Task directions >> Look in the listing below for the line that has "Bischofsprimizmesse Perchtholdsdorf /", then return it and each following line up to and including the one with "Khi tưới, nên", exactly and without pictures.
[Supplied entries — start]
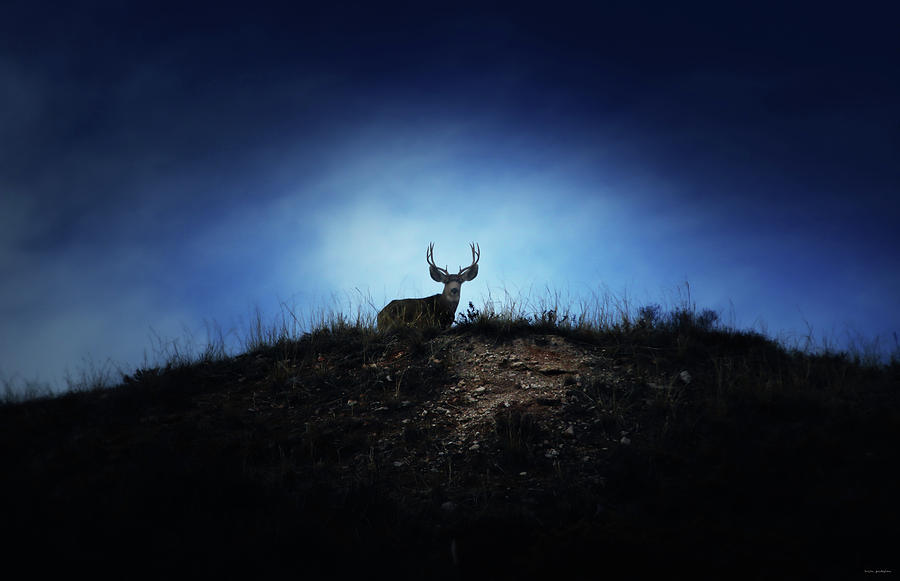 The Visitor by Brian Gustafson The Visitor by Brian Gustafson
[Supplied entries — finish]
[Supplied entries — start]
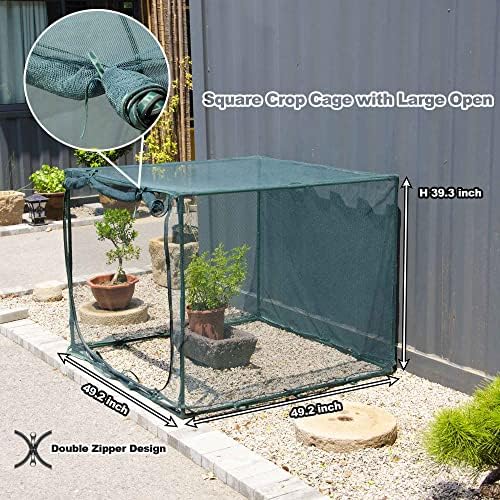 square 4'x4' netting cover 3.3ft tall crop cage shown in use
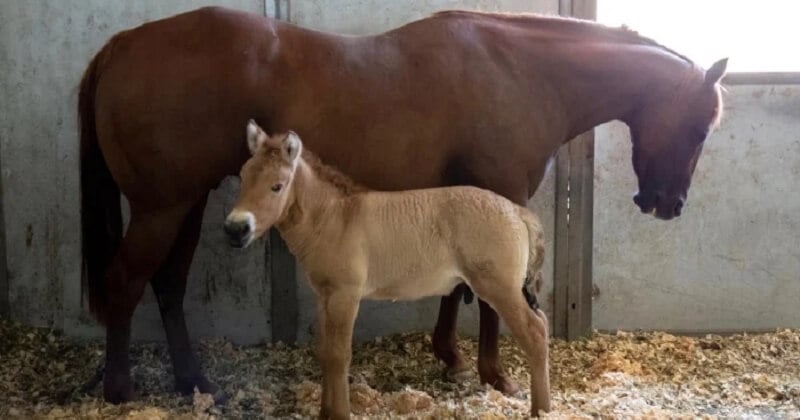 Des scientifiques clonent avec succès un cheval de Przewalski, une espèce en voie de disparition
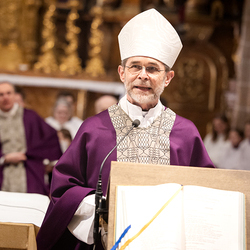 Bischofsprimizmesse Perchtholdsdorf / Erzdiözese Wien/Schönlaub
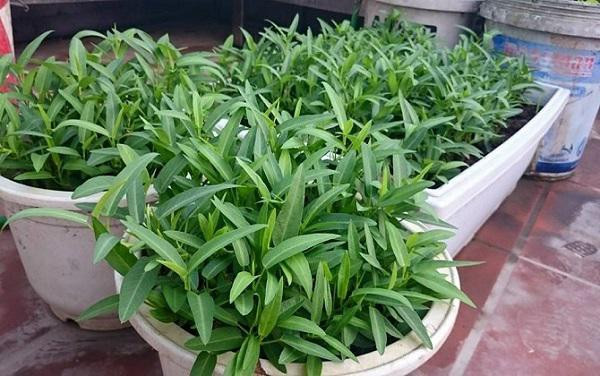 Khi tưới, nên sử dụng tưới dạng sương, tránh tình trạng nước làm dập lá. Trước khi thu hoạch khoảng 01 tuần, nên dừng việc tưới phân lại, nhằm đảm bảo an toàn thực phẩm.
[Supplied entries — finish]
Result >>
 Bischofsprimizmesse Perchtholdsdorf / Erzdiözese Wien/Schönlaub
 Khi tưới, nên sử dụng tưới dạng sương, tránh tình trạng nước làm dập lá. Trước khi thu hoạch khoảng 01 tuần, nên dừng việc tưới phân lại, nhằm đảm bảo an toàn thực phẩm.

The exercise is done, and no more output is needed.